On Fri, Aug 04, 2006 at 09:04:43AM +0200, Werner LEMBERG wrote:
> > With my proposed context system it doesn't save but a few bytes
> > total in the font file since the context rules can be shared by all
> > the characters that need them.
> 
> Details, please.

I've got an email I was preparing to send with more details. Got
interrupted earlier and then my screen session crashed but I recovered
it and will send soon, I expect.

> > > Having a string of input character codes, you apply the first
> > > lookup table, then you start again and process the next one, and
> > > so on until all lookup tables have been applied.
> >
> > Wow, what a horribly bad design. No wonder including arabic
> > initial/medial/final information would make the font so big.
> 
> Why do you think that it is bad design?

Let's say you have 40 characters that all need to change glyph when
they are preceded by any one of 30 other characters. This makes 30*40
substitution rules!
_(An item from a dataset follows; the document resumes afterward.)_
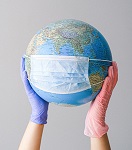 Hands with latext gloves holding a globe with a face mask. Photo by Anna Shvets from Pexels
If instead you could express the "preceded by one
of those 30 characters" as a single context definition, then you would
just need one context definition and 40 rules, one for each character
to tell the alternate glyph to use under this context.

> How would you activate and
> deactive typographical features?  This goes far beyond `console
> fonts', so it is of course more `complicated' than you expect.

Yes it's outside the scope of what I'm considering; however it might
be worth making a spec that could be used for high quality scalable
fonts too.

> However, it works reasonably well, and noone asks you to use more than
> a single lookup.

What do you mean by this "single lookup"?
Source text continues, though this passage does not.